> _The task_
Repeat every entry word for word, skipping the pictures.

> _Material for the task_
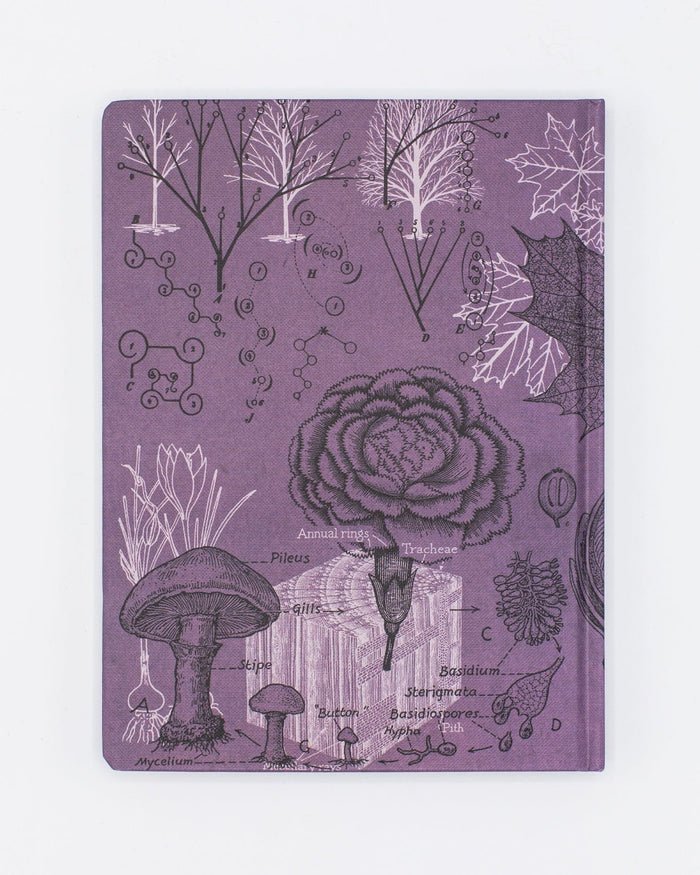 Forest at Dusk Hardcover - Lined/Grid Cognitive Surplus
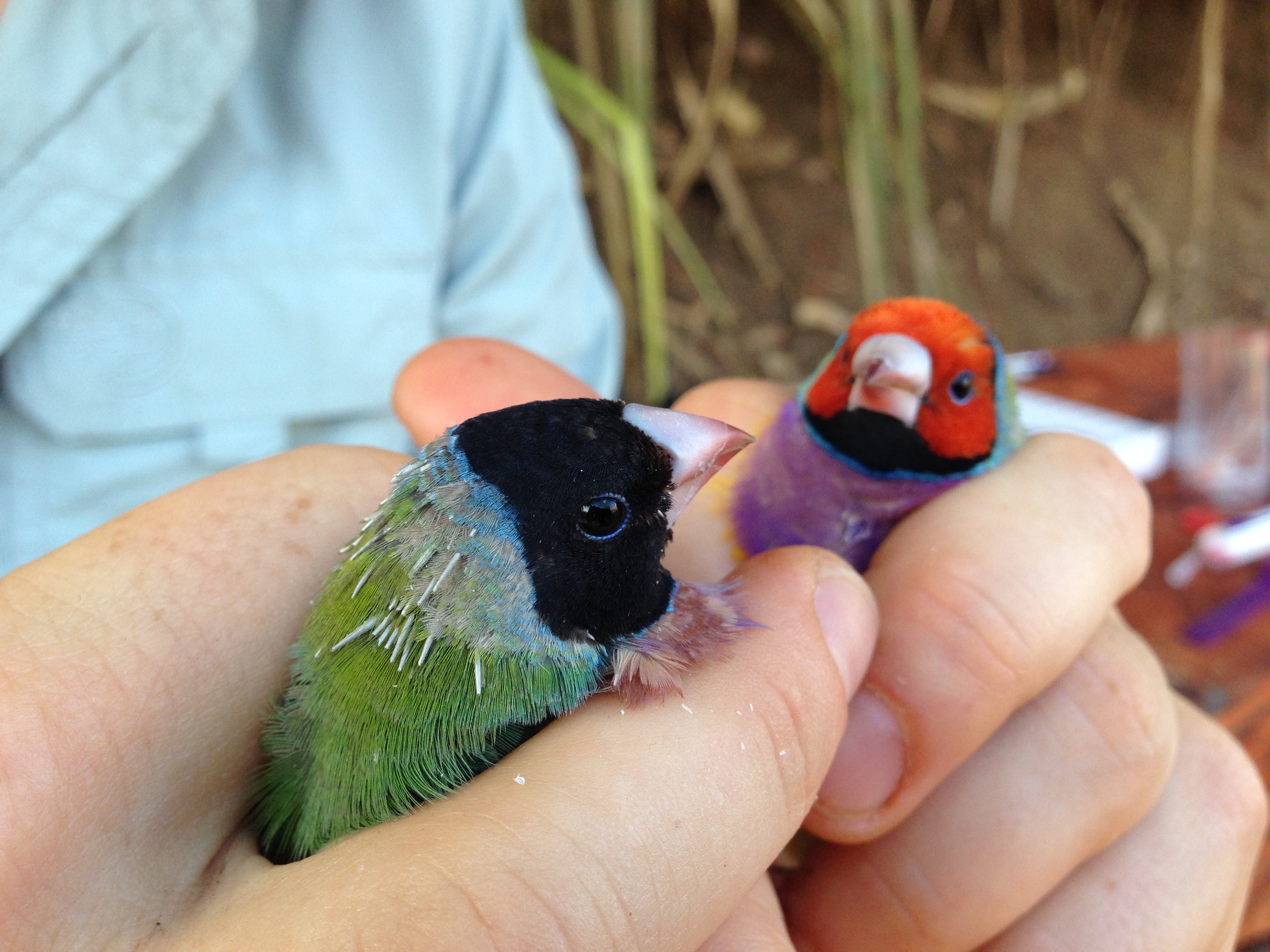 EMS Ecologists Conducting Health + Condition Checks on Endangered Finches Northern Australian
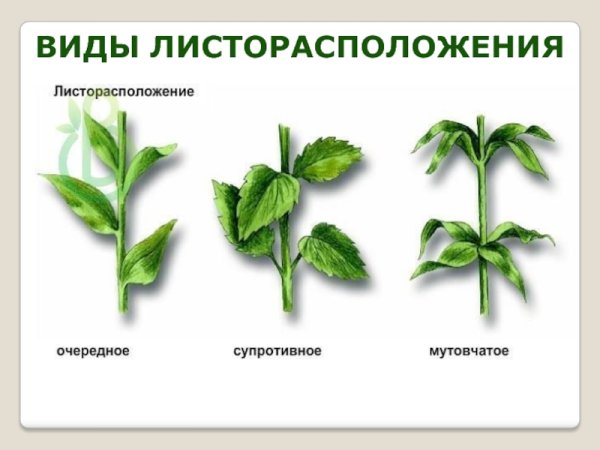 Очередное супротивное мутовчатое листорасположение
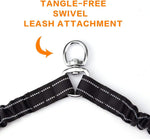 VANVENE two dog leash attachment showing the premium metal rotational clip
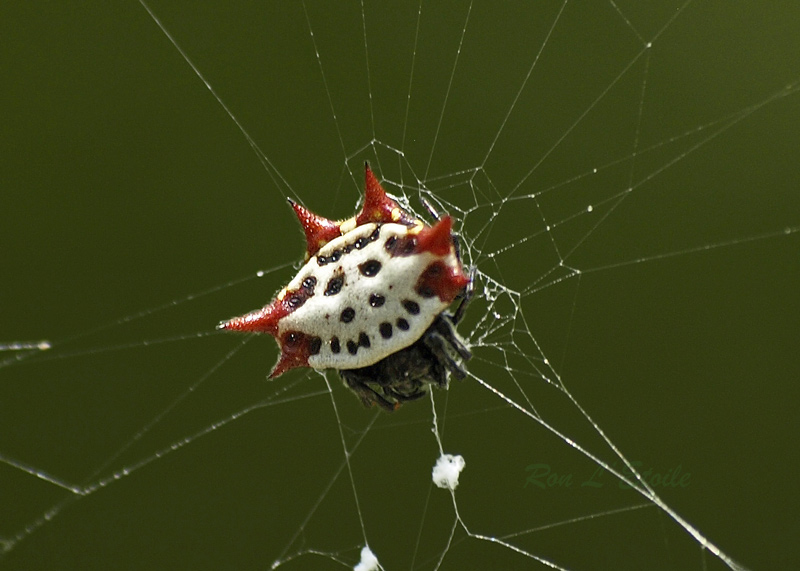Spiny Orb Weaver Spider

> _Solved problem_
 Forest at Dusk Hardcover - Lined/Grid Cognitive Surplus
 EMS Ecologists Conducting Health + Condition Checks on Endangered Finches Northern Australian
 Очередное супротивное мутовчатое листорасположение
 VANVENE two dog leash attachment showing the premium metal rotational clip
Spiny Orb Weaver Spider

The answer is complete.